Give back the entries below verbatim.

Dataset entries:
╭──

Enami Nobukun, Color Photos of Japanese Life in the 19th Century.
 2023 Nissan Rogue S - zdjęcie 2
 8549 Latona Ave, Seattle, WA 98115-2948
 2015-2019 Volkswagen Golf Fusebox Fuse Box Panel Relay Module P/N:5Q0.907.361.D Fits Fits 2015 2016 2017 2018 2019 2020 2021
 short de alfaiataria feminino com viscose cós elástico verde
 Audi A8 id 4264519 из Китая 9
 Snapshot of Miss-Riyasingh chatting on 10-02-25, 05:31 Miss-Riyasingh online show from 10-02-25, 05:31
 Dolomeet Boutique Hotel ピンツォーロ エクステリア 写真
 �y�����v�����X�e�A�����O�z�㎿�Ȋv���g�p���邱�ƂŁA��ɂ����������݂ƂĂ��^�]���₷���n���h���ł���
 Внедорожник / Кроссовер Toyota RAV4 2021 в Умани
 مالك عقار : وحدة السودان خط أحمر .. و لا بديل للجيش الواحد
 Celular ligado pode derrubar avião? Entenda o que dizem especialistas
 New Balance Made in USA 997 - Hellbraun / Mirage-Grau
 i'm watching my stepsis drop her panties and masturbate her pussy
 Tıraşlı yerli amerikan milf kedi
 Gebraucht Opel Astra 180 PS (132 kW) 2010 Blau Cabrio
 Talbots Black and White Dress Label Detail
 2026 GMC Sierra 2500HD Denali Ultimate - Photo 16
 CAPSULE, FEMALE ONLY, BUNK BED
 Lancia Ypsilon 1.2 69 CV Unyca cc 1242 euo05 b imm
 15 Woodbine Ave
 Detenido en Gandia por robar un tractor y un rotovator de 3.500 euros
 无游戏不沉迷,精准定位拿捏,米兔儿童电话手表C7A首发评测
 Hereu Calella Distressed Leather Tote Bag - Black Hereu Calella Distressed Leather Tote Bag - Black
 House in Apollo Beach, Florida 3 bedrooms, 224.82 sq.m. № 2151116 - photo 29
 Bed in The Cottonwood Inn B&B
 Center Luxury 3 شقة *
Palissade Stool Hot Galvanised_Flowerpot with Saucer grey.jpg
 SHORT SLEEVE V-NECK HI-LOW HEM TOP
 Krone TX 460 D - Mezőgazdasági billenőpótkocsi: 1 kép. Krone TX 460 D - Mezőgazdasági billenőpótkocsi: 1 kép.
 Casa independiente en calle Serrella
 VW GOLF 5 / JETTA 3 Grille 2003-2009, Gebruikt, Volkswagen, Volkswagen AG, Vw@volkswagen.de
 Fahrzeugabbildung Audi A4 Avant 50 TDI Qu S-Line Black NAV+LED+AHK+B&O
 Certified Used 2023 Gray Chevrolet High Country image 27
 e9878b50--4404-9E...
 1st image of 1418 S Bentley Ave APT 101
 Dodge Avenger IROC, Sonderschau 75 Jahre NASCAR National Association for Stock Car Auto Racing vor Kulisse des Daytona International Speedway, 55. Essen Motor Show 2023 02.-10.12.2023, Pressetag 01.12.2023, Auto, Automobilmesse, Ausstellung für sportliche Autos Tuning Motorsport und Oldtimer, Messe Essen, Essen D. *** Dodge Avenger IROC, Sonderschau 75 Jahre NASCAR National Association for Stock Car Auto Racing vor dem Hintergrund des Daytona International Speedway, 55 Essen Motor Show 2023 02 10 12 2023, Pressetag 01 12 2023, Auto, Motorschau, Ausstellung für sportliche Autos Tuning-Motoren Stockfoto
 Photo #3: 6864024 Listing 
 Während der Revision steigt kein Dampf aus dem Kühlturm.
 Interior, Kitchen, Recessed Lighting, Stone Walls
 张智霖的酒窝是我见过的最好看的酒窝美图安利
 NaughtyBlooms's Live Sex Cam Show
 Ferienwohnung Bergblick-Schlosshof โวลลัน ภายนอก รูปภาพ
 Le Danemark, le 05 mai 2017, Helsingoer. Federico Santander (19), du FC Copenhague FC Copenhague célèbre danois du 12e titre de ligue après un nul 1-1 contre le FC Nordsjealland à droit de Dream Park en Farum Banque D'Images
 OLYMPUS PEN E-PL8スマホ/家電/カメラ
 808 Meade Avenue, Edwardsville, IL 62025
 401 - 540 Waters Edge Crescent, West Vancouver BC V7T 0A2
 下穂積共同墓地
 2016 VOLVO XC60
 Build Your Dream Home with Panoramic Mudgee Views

╰──

■ EXERCISE RESPONSE ■
Enami Nobukun, Color Photos of Japanese Life in the 19th Century.
 2023 Nissan Rogue S - zdjęcie 2
 8549 Latona Ave, Seattle, WA 98115-2948
 2015-2019 Volkswagen Golf Fusebox Fuse Box Panel Relay Module P/N:5Q0.907.361.D Fits Fits 2015 2016 2017 2018 2019 2020 2021
 short de alfaiataria feminino com viscose cós elástico verde
 Audi A8 id 4264519 из Китая 9
 Snapshot of Miss-Riyasingh chatting on 10-02-25, 05:31 Miss-Riyasingh online show from 10-02-25, 05:31
 Dolomeet Boutique Hotel ピンツォーロ エクステリア 写真
 �y�����v�����X�e�A�����O�z�㎿�Ȋv���g�p���邱�ƂŁA��ɂ����������݂ƂĂ��^�]���₷���n���h���ł���
 Внедорожник / Кроссовер Toyota RAV4 2021 в Умани
 مالك عقار : وحدة السودان خط أحمر .. و لا بديل للجيش الواحد
 Celular ligado pode derrubar avião? Entenda o que dizem especialistas
 New Balance Made in USA 997 - Hellbraun / Mirage-Grau
 i'm watching my stepsis drop her panties and masturbate her pussy
 Tıraşlı yerli amerikan milf kedi
 Gebraucht Opel Astra 180 PS (132 kW) 2010 Blau Cabrio
 Talbots Black and White Dress Label Detail
 2026 GMC Sierra 2500HD Denali Ultimate - Photo 16
 CAPSULE, FEMALE ONLY, BUNK BED
 Lancia Ypsilon 1.2 69 CV Unyca cc 1242 euo05 b imm
 15 Woodbine Ave
 Detenido en Gandia por robar un tractor y un rotovator de 3.500 euros
 无游戏不沉迷,精准定位拿捏,米兔儿童电话手表C7A首发评测
 Hereu Calella Distressed Leather Tote Bag - Black Hereu Calella Distressed Leather Tote Bag - Black
 House in Apollo Beach, Florida 3 bedrooms, 224.82 sq.m. № 2151116 - photo 29
 Bed in The Cottonwood Inn B&B
 Center Luxury 3 شقة *
Palissade Stool Hot Galvanised_Flowerpot with Saucer grey.jpg
 SHORT SLEEVE V-NECK HI-LOW HEM TOP
 Krone TX 460 D - Mezőgazdasági billenőpótkocsi: 1 kép. Krone TX 460 D - Mezőgazdasági billenőpótkocsi: 1 kép.
 Casa independiente en calle Serrella
 VW GOLF 5 / JETTA 3 Grille 2003-2009, Gebruikt, Volkswagen, Volkswagen AG, Vw@volkswagen.de
 Fahrzeugabbildung Audi A4 Avant 50 TDI Qu S-Line Black NAV+LED+AHK+B&O
 Certified Used 2023 Gray Chevrolet High Country image 27
 e9878b50--4404-9E...
 1st image of 1418 S Bentley Ave APT 101
 Dodge Avenger IROC, Sonderschau 75 Jahre NASCAR National Association for Stock Car Auto Racing vor Kulisse des Daytona International Speedway, 55. Essen Motor Show 2023 02.-10.12.2023, Pressetag 01.12.2023, Auto, Automobilmesse, Ausstellung für sportliche Autos Tuning Motorsport und Oldtimer, Messe Essen, Essen D. *** Dodge Avenger IROC, Sonderschau 75 Jahre NASCAR National Association for Stock Car Auto Racing vor dem Hintergrund des Daytona International Speedway, 55 Essen Motor Show 2023 02 10 12 2023, Pressetag 01 12 2023, Auto, Motorschau, Ausstellung für sportliche Autos Tuning-Motoren Stockfoto
 Photo #3: 6864024 Listing 
 Während der Revision steigt kein Dampf aus dem Kühlturm.
 Interior, Kitchen, Recessed Lighting, Stone Walls
 张智霖的酒窝是我见过的最好看的酒窝美图安利
 NaughtyBlooms's Live Sex Cam Show
 Ferienwohnung Bergblick-Schlosshof โวลลัน ภายนอก รูปภาพ
 Le Danemark, le 05 mai 2017, Helsingoer. Federico Santander (19), du FC Copenhague FC Copenhague célèbre danois du 12e titre de ligue après un nul 1-1 contre le FC Nordsjealland à droit de Dream Park en Farum Banque D'Images
 OLYMPUS PEN E-PL8スマホ/家電/カメラ
 808 Meade Avenue, Edwardsville, IL 62025
 401 - 540 Waters Edge Crescent, West Vancouver BC V7T 0A2
 下穂積共同墓地
 2016 VOLVO XC60
 Build Your Dream Home with Panoramic Mudgee Views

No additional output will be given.